滋賀県租税教育推進連絡協議会賞
スウェーデンと日本の違い
延暦寺学園比叡山高等学校 1年 小田 暖恩
平成31年日本では消費税率が10パーセントまで引き上げられた。この時、私はこの税率は「高い」と思っていたが、調べてみると日本より税率が高い国の方が多いことが分かった。中でも北欧スウェーデンの税率は驚異の25パーセントだ。しかし、スウェーデンでは不満の声が少ない。その理由は、どこにあるのだろうか。
まず一つ目は、スウェーデンでは標準消費税は25パーセントだが、食料消費税は12パーセント、新聞・公共交通機関などの税率は6パーセントと、様々な軽減税率が設けられるため実生活の負担は感じにくい仕組みとなっており、平均税率は25パーセントと下回っている。
二つ目は、負担率に応じた手厚い社会保障サービスが提供されていることだ。例えば、出産費、20歳までの医療費、大学までの学費が無料。また子育てにも力を入れており、児童手当だけでなく両親手当もあり、親子両面から支援している。その上障害のある子どもには別途手当を支給するなどのサービスが行われている。
このように、スウェーデンでは税金や、社会保険料は高いものの、「国が責任を持って国民の面倒を見る」という考えで対策が行われている。また、社会保障サービスは国民に分かりやすい形で提供され、政府・役所のお金の使い道の透明性が高いなどの理由から不満が少ないと考えられる。
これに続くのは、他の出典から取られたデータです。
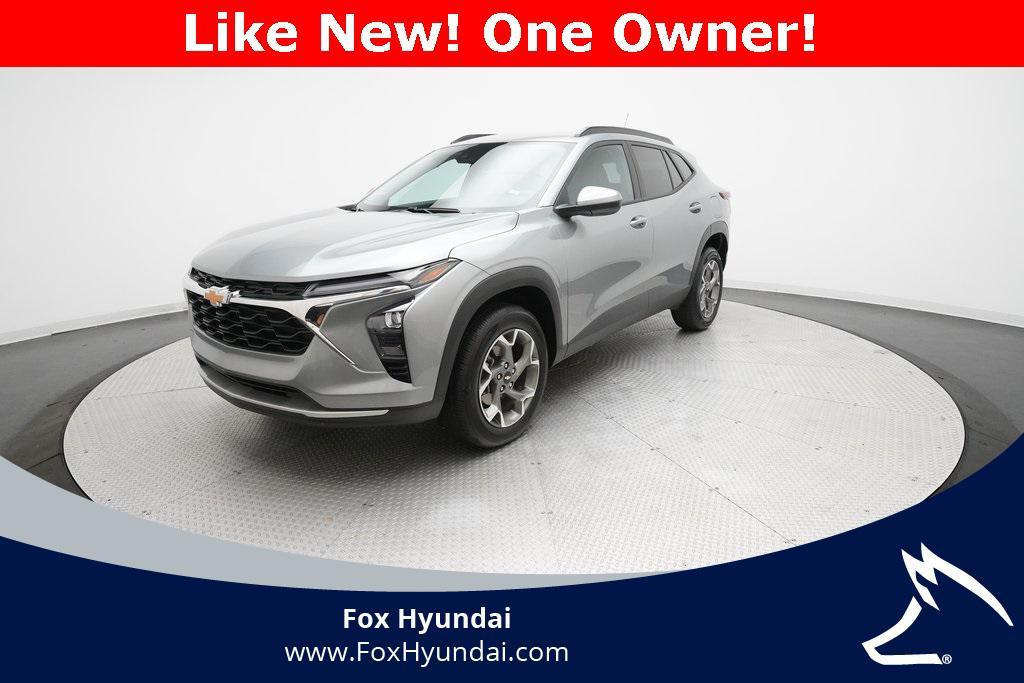 used 2025 Chevrolet Trax car, priced at $22,200
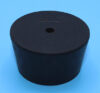 R-9.5A - Size 9.5 1-Hole Rubber Stopper (R9.5A)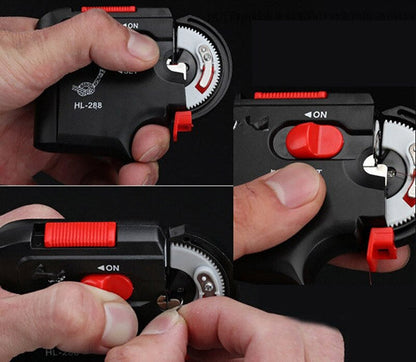 Electric Fishing Rod and Reel Combo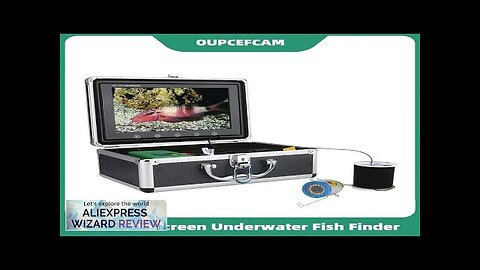 10“ Monitor 1000TVL Fish Finder Underwater Fishing Camera 15pcs White LEDs + Review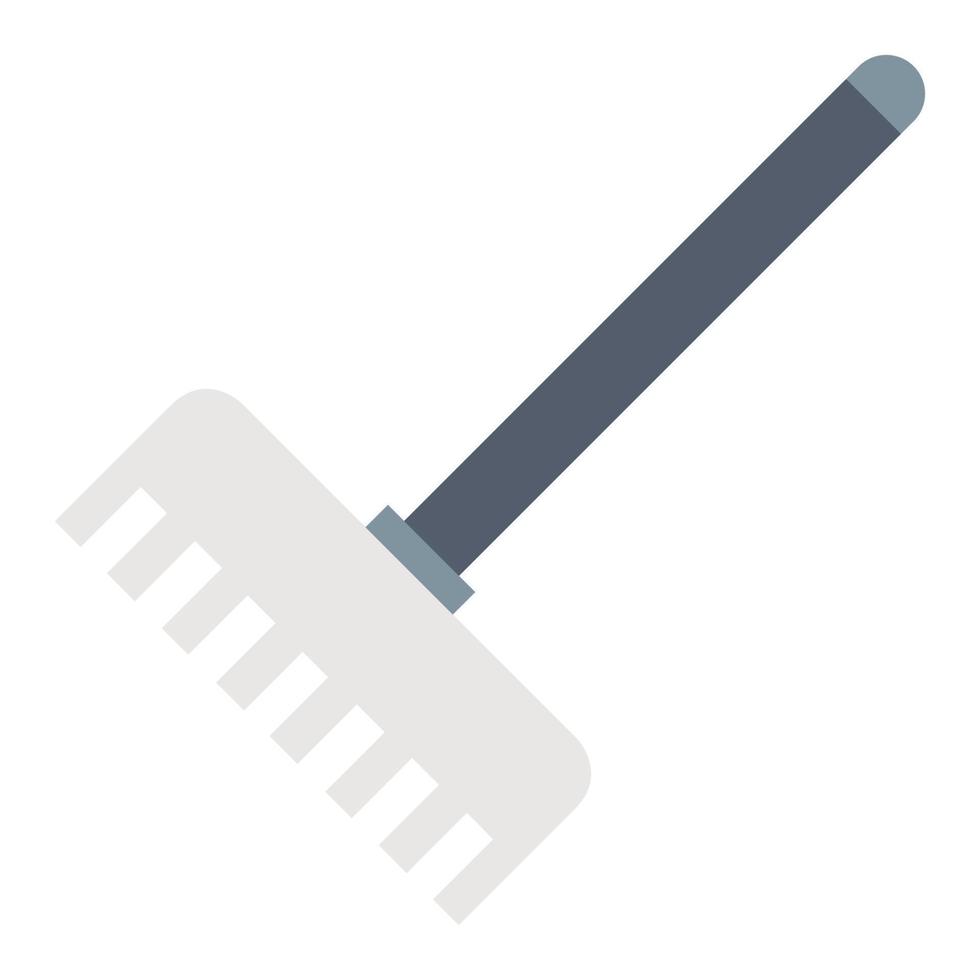 Rake icon, suitable for a wide range of digital creative projects. vector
では、スウェーデンより税率が低い日本で不満の声があがるのはなぜだろう。4年前の消費増税の際、全体の6割が反対であった。その理由は三つある。一つ目は低所得層ほど負担が大きくなること。二つ目は子育て世代への負担があげられる。軽減税率制度で食品・新聞などは8パーセントのままだが、子育て世代に必要なのはそれだけでなく、オムツ・ベビー用品など、毎日の消耗品は増税の影響を大いに受ける。購入頻度や量が多くなり家計を直撃することとなる。三つ目は景気に直結すること。消費税は全国民に関わることであり、増税することでどの世代も大きな買い物ほど、財布のひもを引き締めやすくなる。その結果、経済的にゆとり、社会的活気が無くなり、増税するメリットを感じにくくなる。
上記により、日本は全ての国民に対して責任を持つ政策になっていないことが分かる。これが日本の根本的な問題点だと思う。とくに貧困層や子育て世代への負担の軽視、支援の手薄さは、社会全体への不安につながる。このように国や社会に対しての基本的な信頼感があるか、不信感があるかが、日本とスウェーデンの根本的な違いであると考える。スウェーデンに学び「国が責任を持って国民の面倒を見る」覚悟を持ち、誰もが安心できる社会保障を活用しやすい形で提供すること、税金の使い道を明確にし、有言実行していくことが今の日本に必要でスウェーデンとの違いであると私は考えます。